TASK DETAILS:
Output all of the data exactly as it appears, but leave out any pictures it contains.

SUPPLIED DATA:
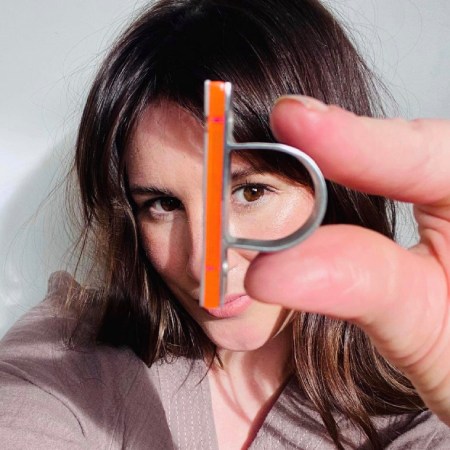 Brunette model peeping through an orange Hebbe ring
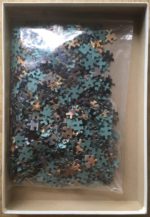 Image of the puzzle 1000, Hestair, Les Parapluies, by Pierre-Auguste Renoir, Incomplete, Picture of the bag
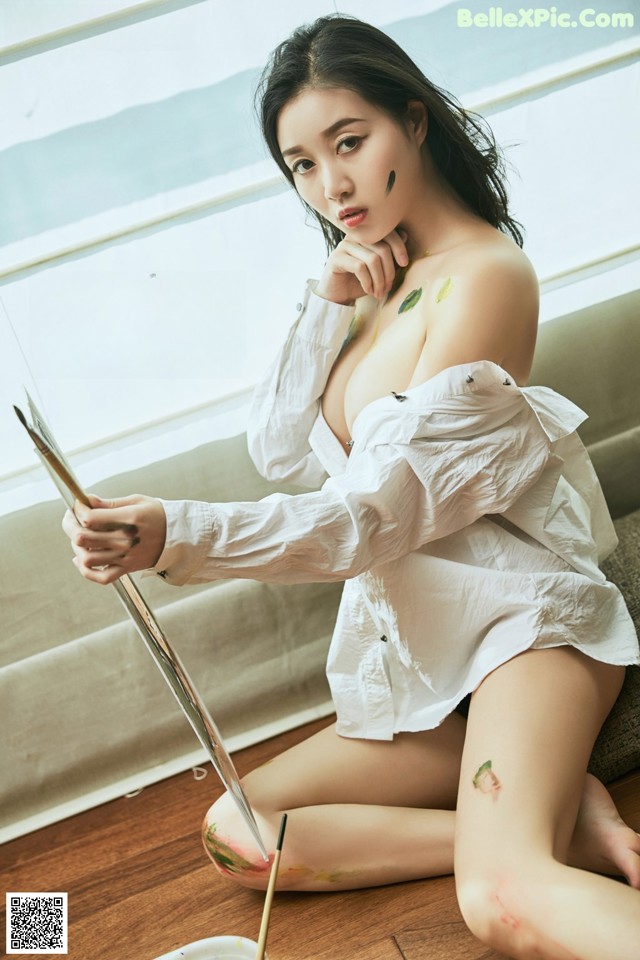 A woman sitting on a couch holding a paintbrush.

TASK RESPONSE:
 Brunette model peeping through an orange Hebbe ring
 Image of the puzzle 1000, Hestair, Les Parapluies, by Pierre-Auguste Renoir, Incomplete, Picture of the bag
 A woman sitting on a couch holding a paintbrush.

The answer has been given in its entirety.